EXERCISE PROMPT — Would you write out the lines below exactly, from the one containing "Lámpara de pared LED" to the very last, but without the pictures?

AVAILABLE DATA —

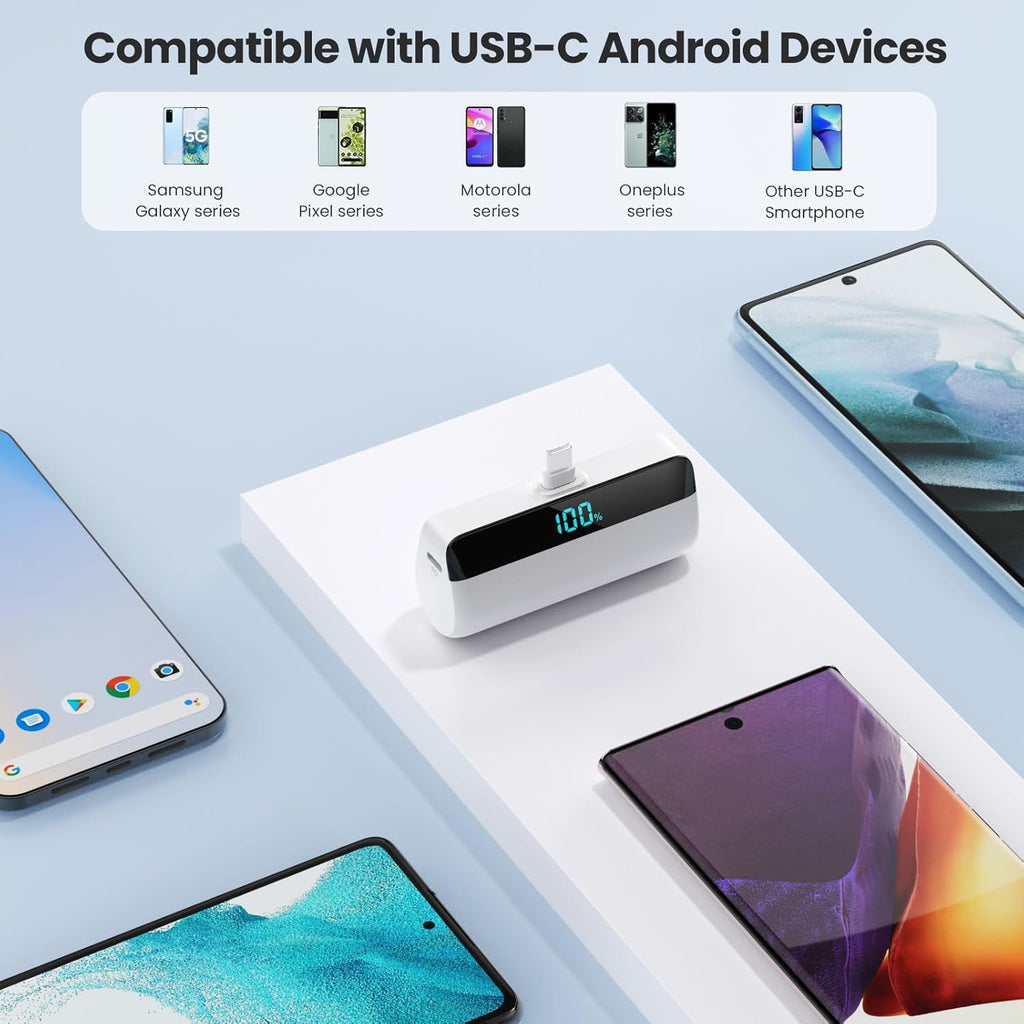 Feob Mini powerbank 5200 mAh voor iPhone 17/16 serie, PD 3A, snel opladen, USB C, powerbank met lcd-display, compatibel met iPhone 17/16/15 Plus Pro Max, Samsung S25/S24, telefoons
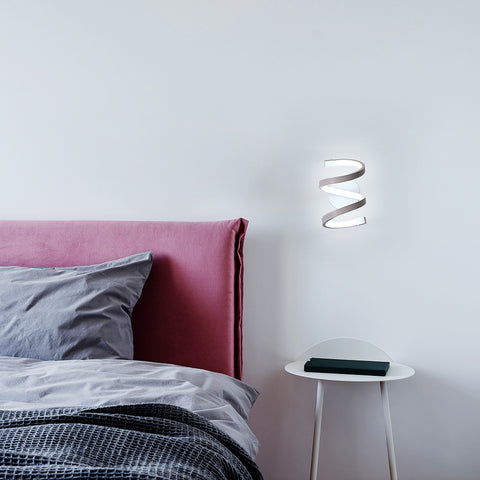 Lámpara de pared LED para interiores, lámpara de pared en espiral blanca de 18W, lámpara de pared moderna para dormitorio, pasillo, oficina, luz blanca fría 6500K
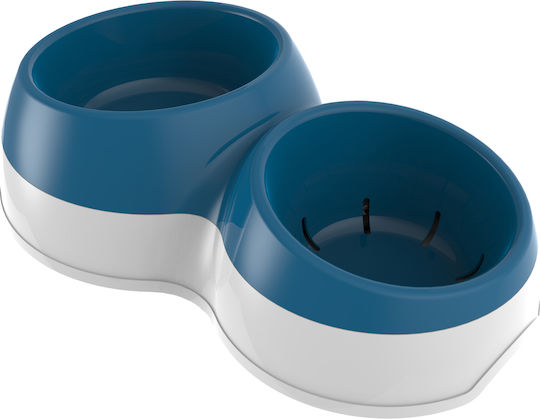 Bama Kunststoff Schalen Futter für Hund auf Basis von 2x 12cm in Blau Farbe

REPLY TO THE TASK —
 Lámpara de pared LED para interiores, lámpara de pared en espiral blanca de 18W, lámpara de pared moderna para dormitorio, pasillo, oficina, luz blanca fría 6500K
 Bama Kunststoff Schalen Futter für Hund auf Basis von 2x 12cm in Blau Farbe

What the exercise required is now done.